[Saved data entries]
──────────
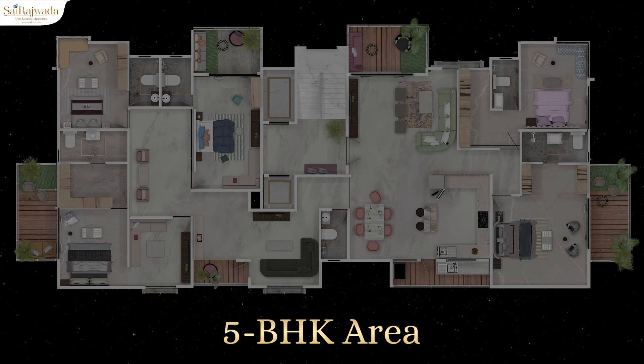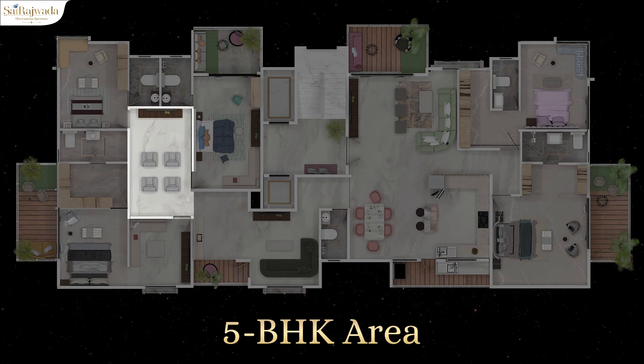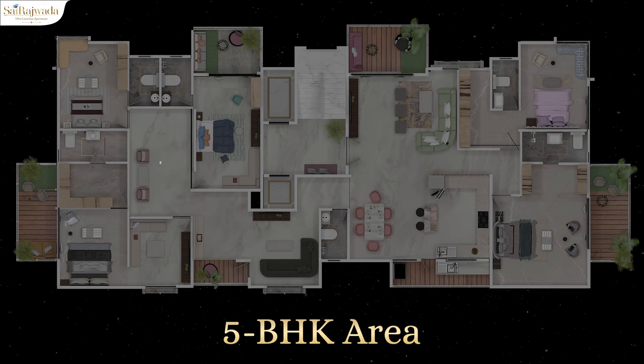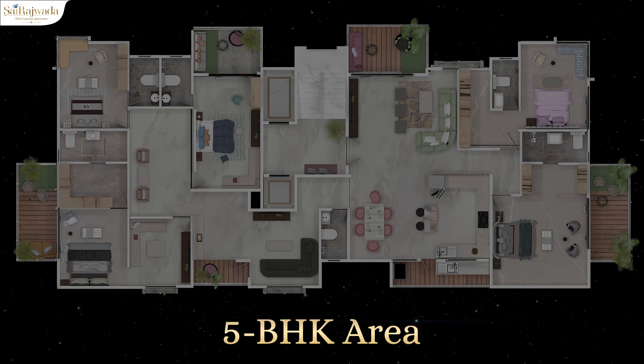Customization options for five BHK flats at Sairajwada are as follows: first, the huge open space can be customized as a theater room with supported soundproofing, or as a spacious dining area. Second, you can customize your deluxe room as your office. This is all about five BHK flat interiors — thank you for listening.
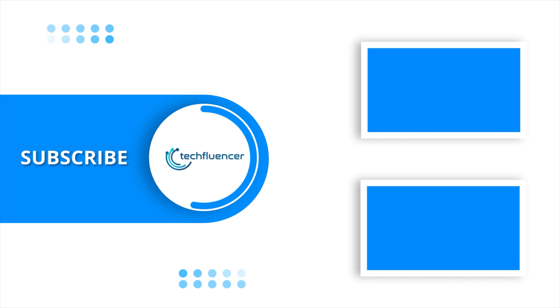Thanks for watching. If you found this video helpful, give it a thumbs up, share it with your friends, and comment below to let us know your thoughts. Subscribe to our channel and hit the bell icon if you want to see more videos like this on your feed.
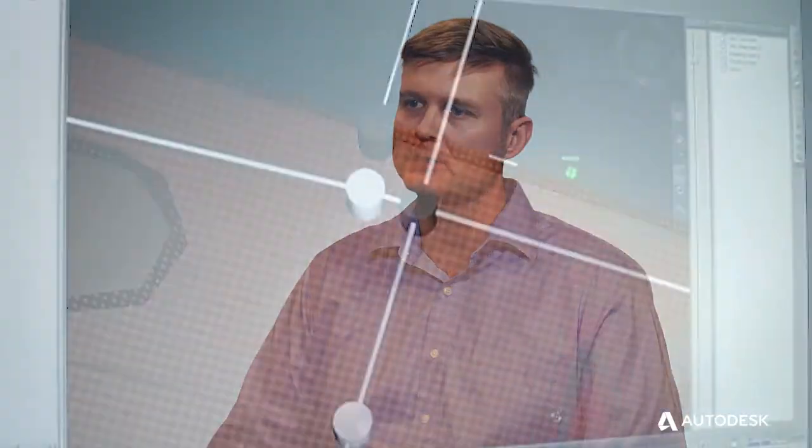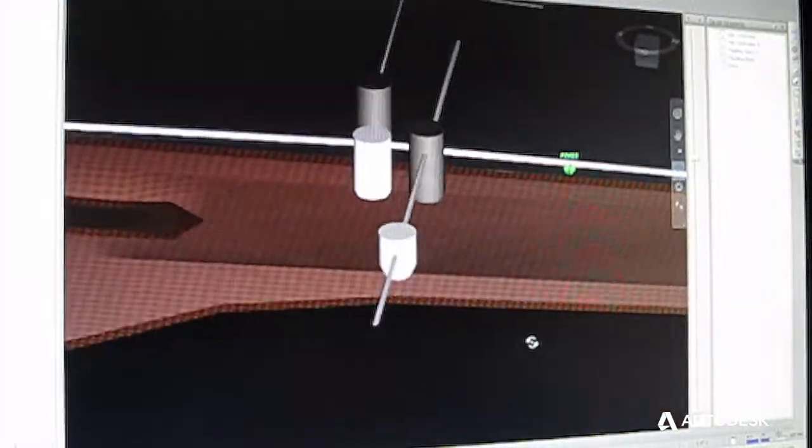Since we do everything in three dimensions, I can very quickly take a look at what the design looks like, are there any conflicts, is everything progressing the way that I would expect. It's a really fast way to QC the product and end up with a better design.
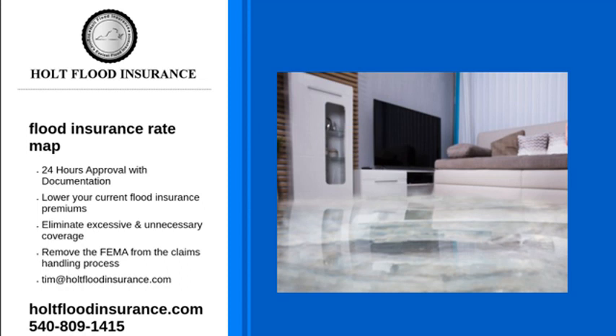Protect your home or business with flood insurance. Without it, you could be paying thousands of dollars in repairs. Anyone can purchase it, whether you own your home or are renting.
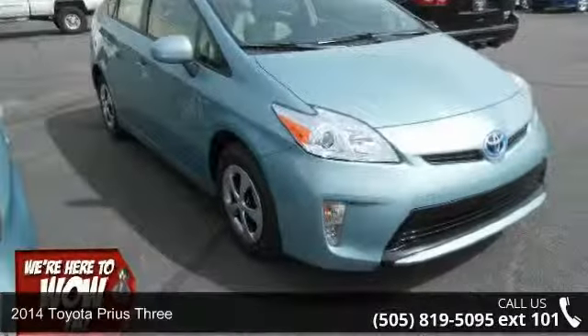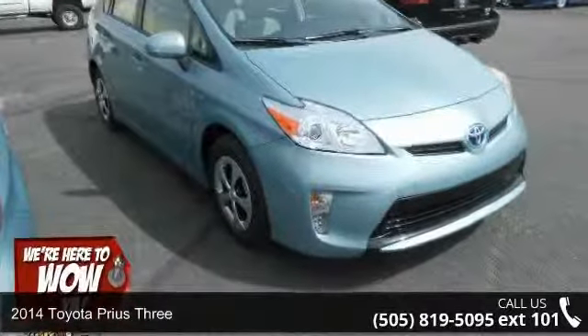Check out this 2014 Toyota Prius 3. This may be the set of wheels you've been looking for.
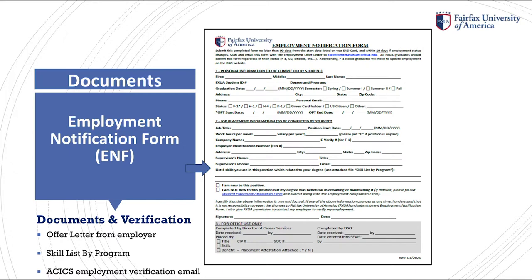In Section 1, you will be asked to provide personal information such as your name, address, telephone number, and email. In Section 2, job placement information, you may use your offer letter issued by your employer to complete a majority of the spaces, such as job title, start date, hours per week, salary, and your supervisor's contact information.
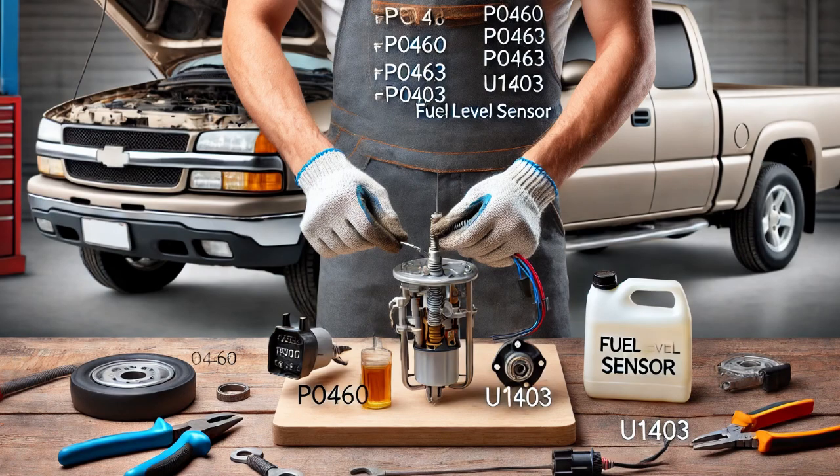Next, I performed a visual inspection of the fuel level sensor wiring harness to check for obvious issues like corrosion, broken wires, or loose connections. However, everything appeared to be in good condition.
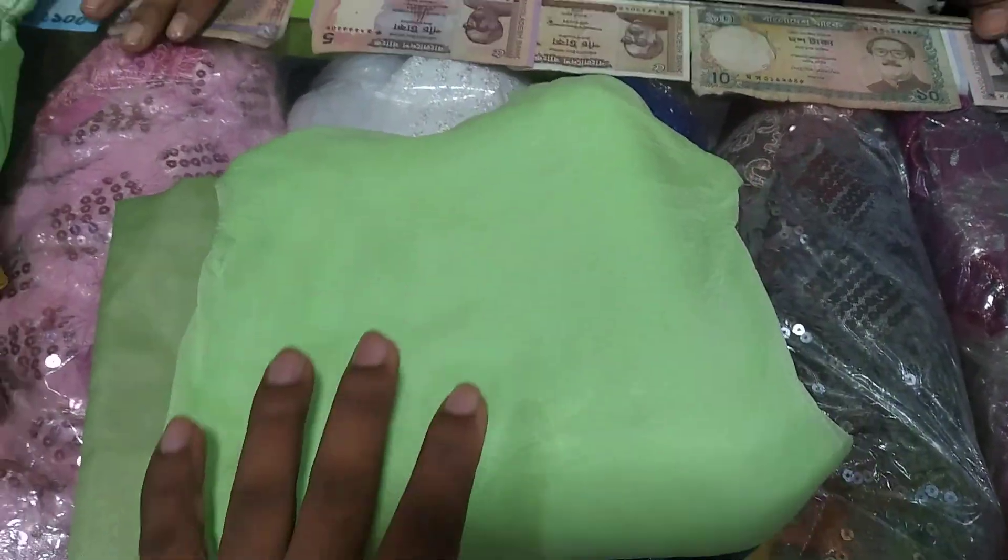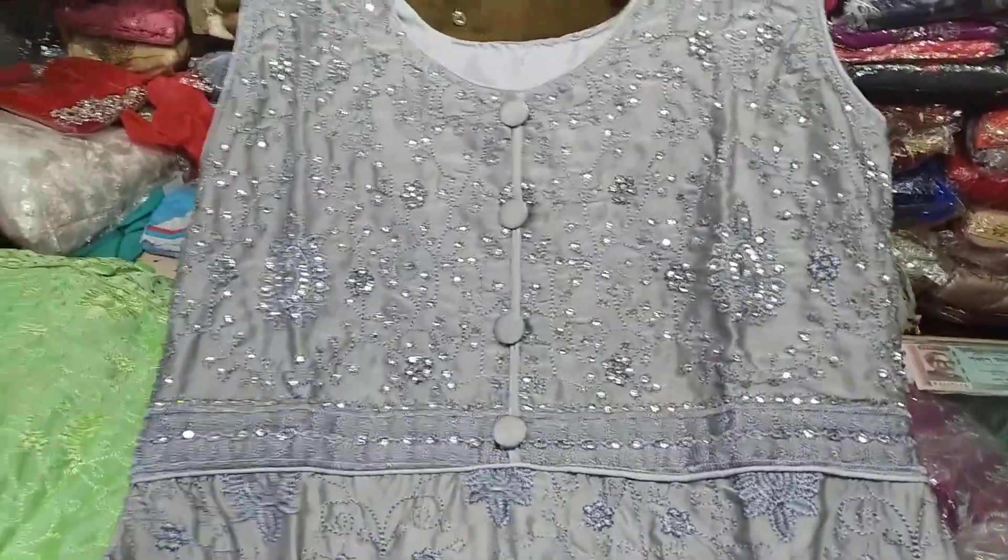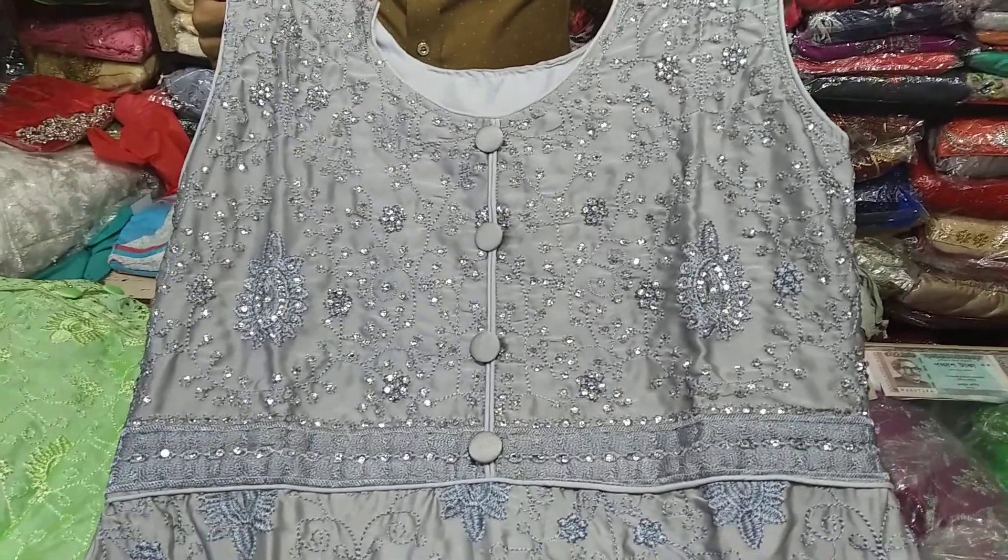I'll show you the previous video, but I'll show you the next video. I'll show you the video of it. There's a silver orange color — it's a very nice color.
──────────
What this task involves:
Nothing but the lines from the top of the data above through the line containing "Since we do" should be output, exactly as written and without the pictures.

Result for this exercise:
Customization options for five BHK flats at Sairajwada are as follows: first, the huge open space can be customized as a theater room with supported soundproofing, or as a spacious dining area. Second, you can customize your deluxe room as your office. This is all about five BHK flat interiors — thank you for listening.
Thanks for watching. If you found this video helpful, give it a thumbs up, share it with your friends, and comment below to let us know your thoughts. Subscribe to our channel and hit the bell icon if you want to see more videos like this on your feed.
Since we do everything in three dimensions, I can very quickly take a look at what the design looks like, are there any conflicts, is everything progressing the way that I would expect. It's a really fast way to QC the product and end up with a better design.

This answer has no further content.